Arkansas Code
Subchapter 6 - Corporate Finance
§ 4-26-601. Authorized shares generally — Preferred or special classes

(a) Each corporation shall have power to create and issue the number of shares stated in its articles of incorporation.
(b) The shares may be divided into one (1) or more classes, any or all of which classes may consist of shares with par value or shares without par value, with such designations, preferences, limitations, and relative rights as shall be stated in the articles of incorporation.
(c) The articles of incorporation may limit or deny the voting rights of the shares of any class subject only to the following exceptions:
(1) The right of any stockholder entitled under Arkansas Constitution, Article 12, § 8, to vote on a proposal to increase stock or bond indebtedness shall not be denied or limited.
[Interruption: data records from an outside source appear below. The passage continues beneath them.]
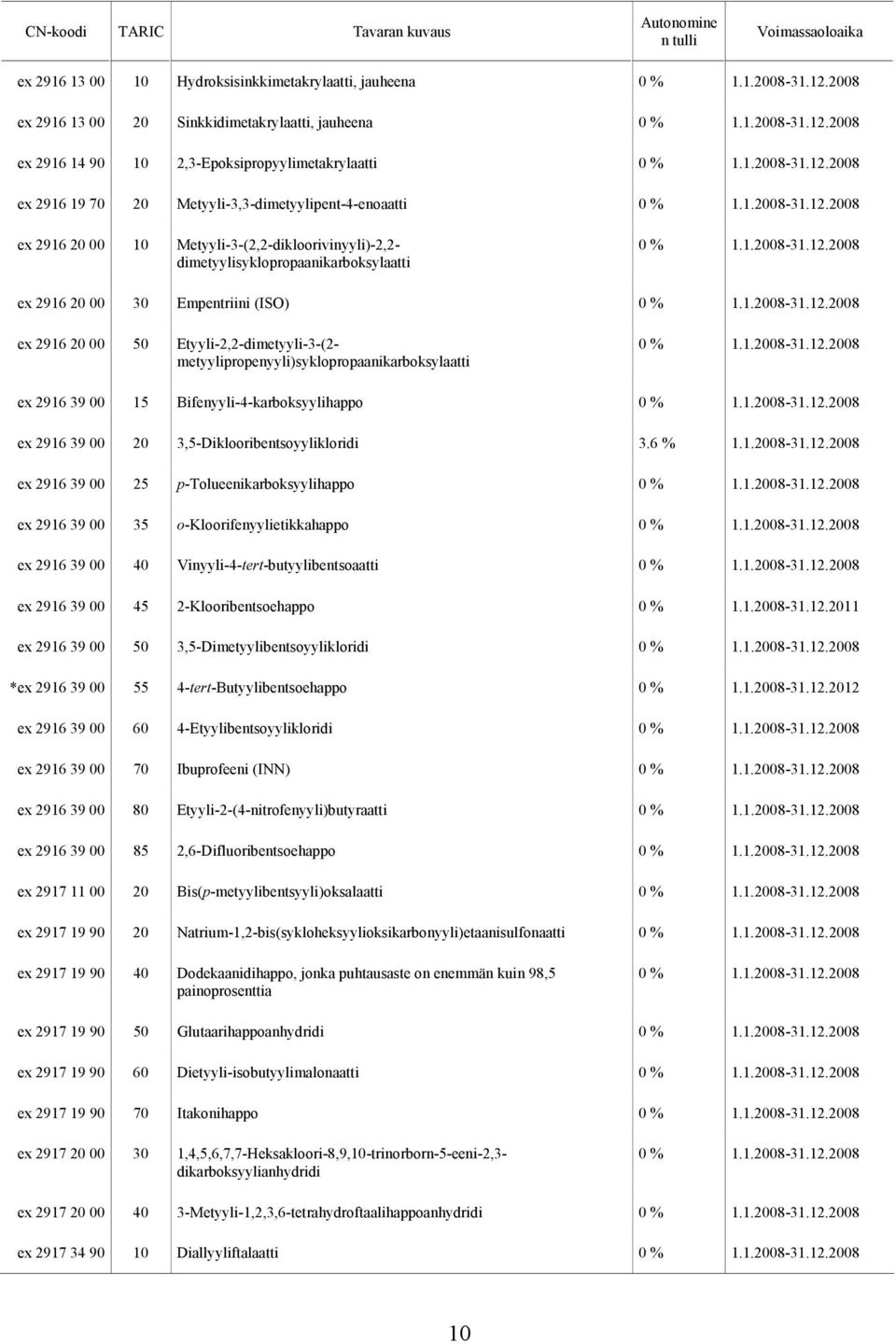 Etyyli-2,2-dimetyyli-3-(2- metyylipropenyyli)syklopropaanikarboksylaatti ex 2916 39 00 15 Bifenyyli-4-karboksyylihappo ex 2916 39 00 20 3,5-Diklooribentsoyylikloridi 3.6 % 1.1.2008-31.12.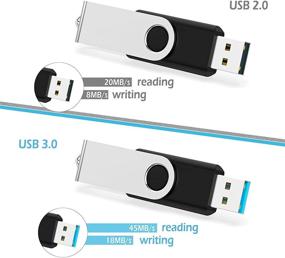 img 3 attached to KOOTION 16GB Flash Drive 10 Pack - USB Thumb Drive Memory Stick with Keychain Design, Mixcolored Swivel Jump Drive
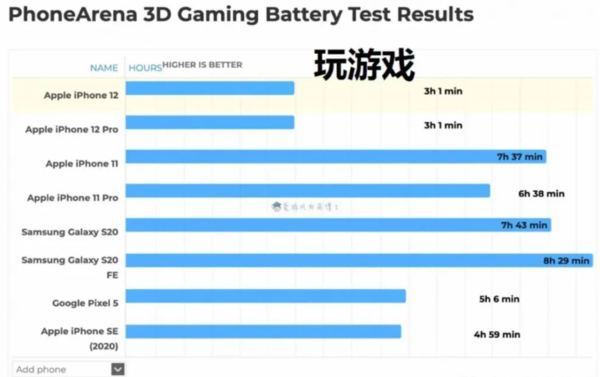 在电脑上玩手游用什么_用手机玩游戏电脑版哪个好_玩电脑版手机好游戏用什么软件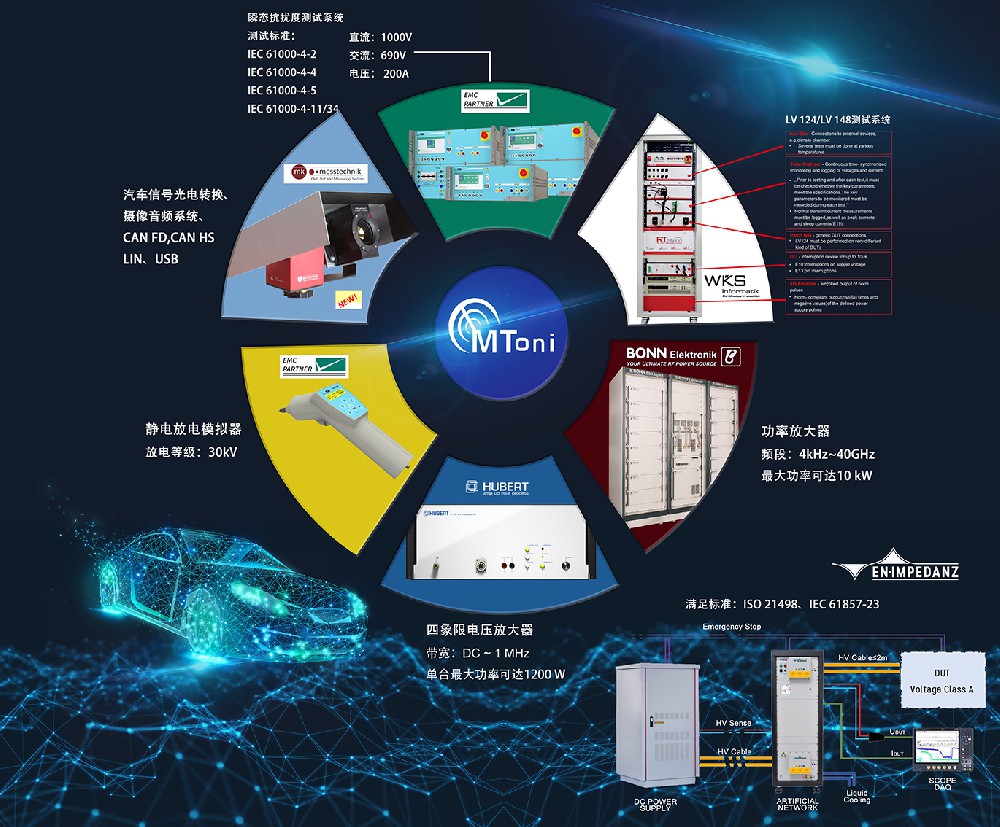 勇立潮頭再起航丨易磁通科技參加2022汽車技術(shù)與裝備國際論壇
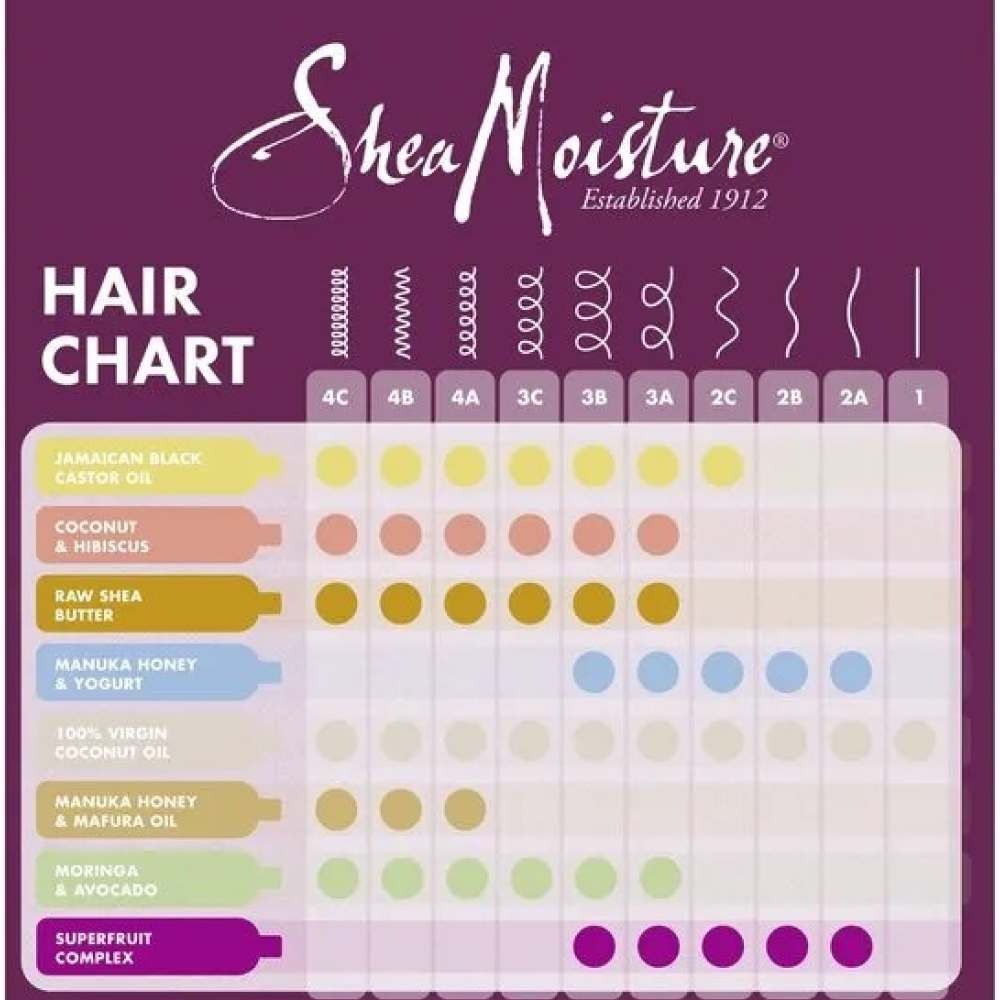 Shea Moisture Coconut & Hibiscus Curl & Shine Shampoo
(2) In any instance where a provision of this chapter specifically preserves the right of any class or classes of stock to vote in respect to any corporate action, the right may not be denied or impaired by any provisions of the articles of incorporation.

(d) Without limiting the authority herein contained, a corporation, when so provided in its articles of incorporation, may issue shares of preferred or special classes:
(1) Subject to the right of the corporation to redeem any of those shares at the price fixed by the articles of incorporation for the redemption thereof;
(2) Entitling the holders thereof to cumulative, noncumulative, or partially cumulative dividends;
(3) Having preference over any other class or classes of shares as to the payment of dividends;
(4) Having preference in the assets of the corporation over any other class or classes of shares upon the voluntary or involuntary liquidation of the corporation;
(5) Convertible into shares of any other class, or into shares of any series of the same or any other class, except a class having prior or superior rights and preferences as to dividends or distribution of assets upon liquidation. However, shares without par value shall not be converted into shares with par value unless that part of the stated capital of the corporation represented by such shares without par value is, at the time of conversion, at least equal to the aggregate par value of the shares into which the shares without par value are to be converted.